Several rooms upstairs display phonographs and other Edison devices. Cindy Franklin, an occasional guide, winds the crank of an Edison-brand phonograph machine and slides the needle onto the nearly imperceptible grooves of an Edison-brand bakelite cylinder. Instantly, rhythmic 1920s-style band music pours from the megahorn, its syncopation filling the air like a genie that has been freed from a bottle.

Next she turns the switch on an original electric lightbulb which also dates from the early 20th century. It instantly glows with light. “The filament,” she says, “is in excellent condition. It was made of bamboo.”

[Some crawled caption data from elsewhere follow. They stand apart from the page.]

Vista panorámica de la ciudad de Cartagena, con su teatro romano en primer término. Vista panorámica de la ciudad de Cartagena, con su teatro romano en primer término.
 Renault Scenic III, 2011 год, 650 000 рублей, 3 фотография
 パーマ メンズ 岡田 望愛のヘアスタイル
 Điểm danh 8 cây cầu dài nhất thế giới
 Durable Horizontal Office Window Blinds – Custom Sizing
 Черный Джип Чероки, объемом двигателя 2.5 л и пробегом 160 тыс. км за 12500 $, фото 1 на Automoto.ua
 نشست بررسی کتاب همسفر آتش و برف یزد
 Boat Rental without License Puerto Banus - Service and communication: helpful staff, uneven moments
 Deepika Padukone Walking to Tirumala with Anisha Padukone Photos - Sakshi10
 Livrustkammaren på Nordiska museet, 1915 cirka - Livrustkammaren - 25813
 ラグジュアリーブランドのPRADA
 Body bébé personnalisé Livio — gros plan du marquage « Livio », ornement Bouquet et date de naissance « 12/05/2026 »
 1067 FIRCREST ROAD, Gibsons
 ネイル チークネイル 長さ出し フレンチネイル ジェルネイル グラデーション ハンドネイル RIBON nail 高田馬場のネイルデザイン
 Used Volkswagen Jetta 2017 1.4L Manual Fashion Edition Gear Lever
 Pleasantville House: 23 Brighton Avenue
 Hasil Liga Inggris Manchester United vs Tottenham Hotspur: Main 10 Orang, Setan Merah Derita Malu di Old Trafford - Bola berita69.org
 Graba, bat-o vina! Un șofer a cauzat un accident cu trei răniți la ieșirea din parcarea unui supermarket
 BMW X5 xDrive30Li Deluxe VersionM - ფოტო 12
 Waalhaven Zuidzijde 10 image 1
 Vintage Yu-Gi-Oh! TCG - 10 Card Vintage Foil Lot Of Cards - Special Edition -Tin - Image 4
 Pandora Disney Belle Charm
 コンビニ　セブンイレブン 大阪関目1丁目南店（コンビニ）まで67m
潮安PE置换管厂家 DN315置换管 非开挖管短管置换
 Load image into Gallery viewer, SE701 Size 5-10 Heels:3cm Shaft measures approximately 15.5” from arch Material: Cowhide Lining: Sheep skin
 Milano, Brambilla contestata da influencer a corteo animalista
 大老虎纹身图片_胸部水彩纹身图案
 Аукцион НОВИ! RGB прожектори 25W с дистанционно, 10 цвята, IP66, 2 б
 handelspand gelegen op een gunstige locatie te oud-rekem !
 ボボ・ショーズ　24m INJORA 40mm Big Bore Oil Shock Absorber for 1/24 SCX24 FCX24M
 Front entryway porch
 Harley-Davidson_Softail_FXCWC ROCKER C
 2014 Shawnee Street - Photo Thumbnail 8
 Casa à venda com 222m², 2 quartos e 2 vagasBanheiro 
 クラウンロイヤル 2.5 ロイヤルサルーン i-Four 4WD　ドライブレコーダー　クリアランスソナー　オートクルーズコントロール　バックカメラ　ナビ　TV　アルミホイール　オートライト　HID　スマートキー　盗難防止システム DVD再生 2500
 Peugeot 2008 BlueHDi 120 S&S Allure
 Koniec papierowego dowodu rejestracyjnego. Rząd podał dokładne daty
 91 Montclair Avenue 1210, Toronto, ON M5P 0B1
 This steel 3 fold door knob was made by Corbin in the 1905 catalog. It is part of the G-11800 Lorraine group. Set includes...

Display cases hold numerous odd-shaped bulbs, batteries, phonograph needles, and old books about Edison, including one written by his friend and colleague, Henry Ford. There is also an array of sparkplugs. After Edison designed this automotive necessity, an ex-employee allegedly stole his design and established the company that is perhaps the best-known manufacturer of sparkplugs today.

An upstairs bedroom, styled as a Ladies’ Sewing Room, is supposedly haunted. One evening, a board meeting in the parlour was interrupted by “a lot of noises, like scraping and bumping” coming from above, Franklin relates. The board never returned at night — and the tale became part of the house’s well-treasured lore.

The Edison family’s connection to Vienna begins with Thomas Alva’s earliest known ancestor, John Edison, his great-grandfather. Ironically, it was John Edison’s loyalty to the British Crown that first brought him into Canadian territory, just as, three generations later, it was lack of loyalty to the British that forced Thomas Alva’s father to leave.

A United Empire loyalist, John Edison fled the United States after the Revolutionary War, settling with his family in Digby, N.S., in the 1780s. In 1811, already an old man, he trailblazed into the then-largely unsettled area above Lake Erie known as the Talbot Settlement, accompanied by several of his married children and their families.

Thomas Alva’s grandfather, Samuel Edison, Sr., became a captain in the War of 1812 and was later given the honour of naming the town: no one knows why he chose Vienna. Thomas Alva’s father, Samuel Edison, Jr., had been an outspoken supporter of William Lyon Mackenzie’s failed rebellion of 1837, and was forced to flee, as Mackenzie had done, in fear for his life. Crossing the icy St. Clair River at Sarnia, he later sent for his family. They settled in Milan, Ohio, where Thomas Alva was born in 1847.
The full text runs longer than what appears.